> [COLLECTED MATERIAL]:

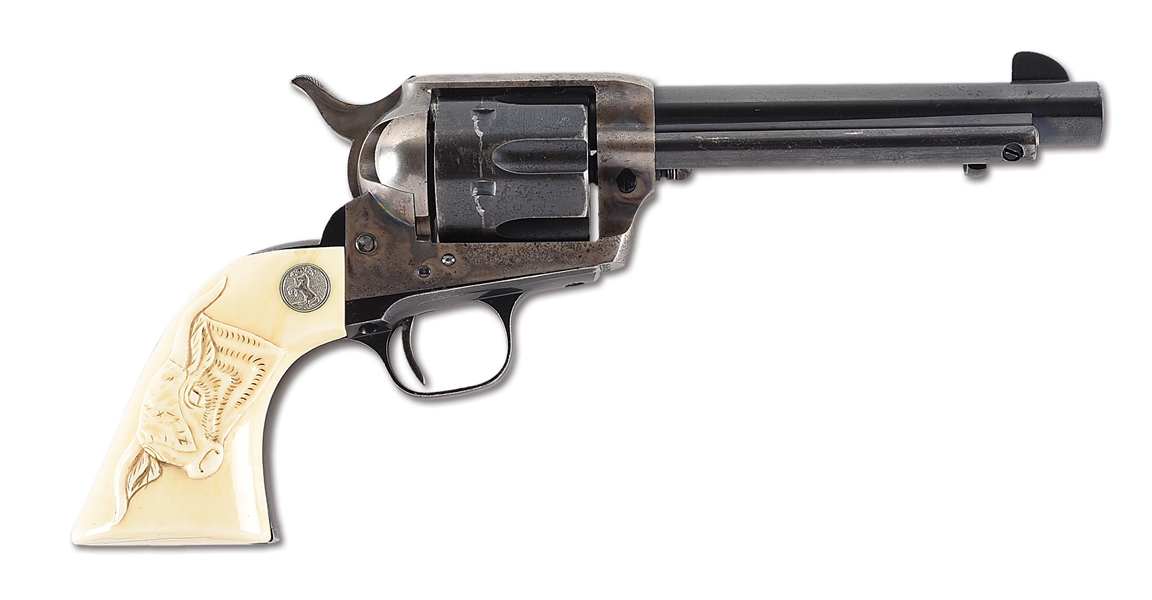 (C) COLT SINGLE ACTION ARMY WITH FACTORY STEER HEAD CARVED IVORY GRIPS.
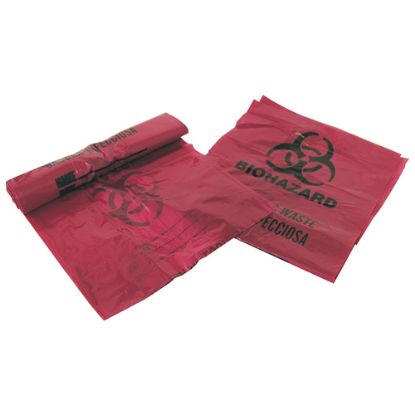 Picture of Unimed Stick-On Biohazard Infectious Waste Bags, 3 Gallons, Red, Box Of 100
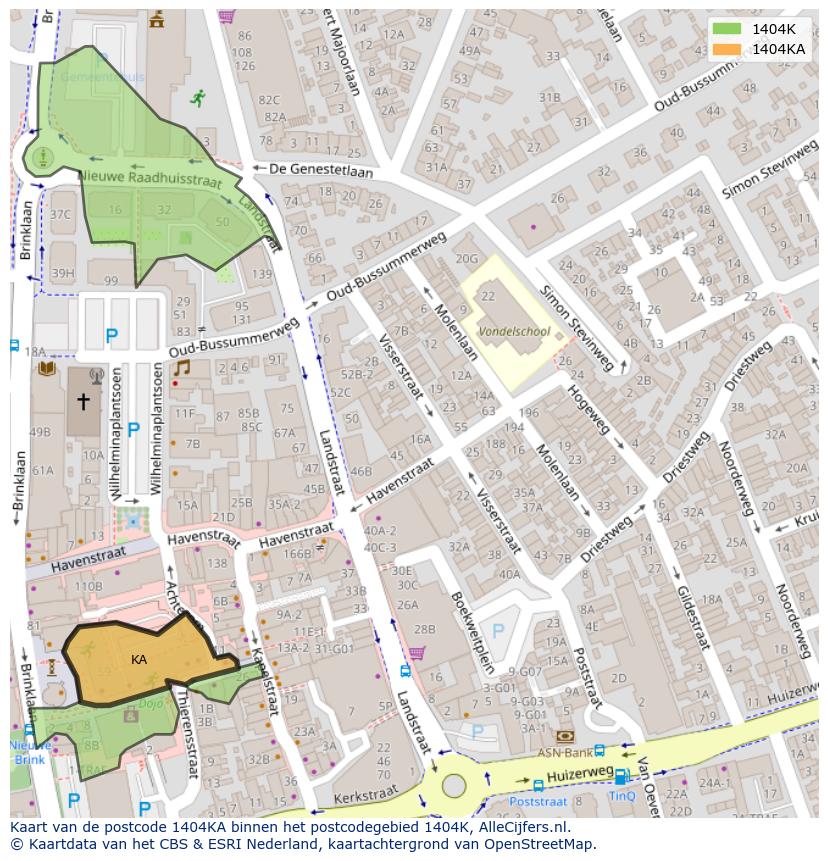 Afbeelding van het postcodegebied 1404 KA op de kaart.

> [EXERCISE DIRECTIONS]:
When copying the listing, skip the pictures and keep each line exactly as written.

> [WRITTEN REPLY]:
 (C) COLT SINGLE ACTION ARMY WITH FACTORY STEER HEAD CARVED IVORY GRIPS.
 Picture of Unimed Stick-On Biohazard Infectious Waste Bags, 3 Gallons, Red, Box Of 100
 Afbeelding van het postcodegebied 1404 KA op de kaart.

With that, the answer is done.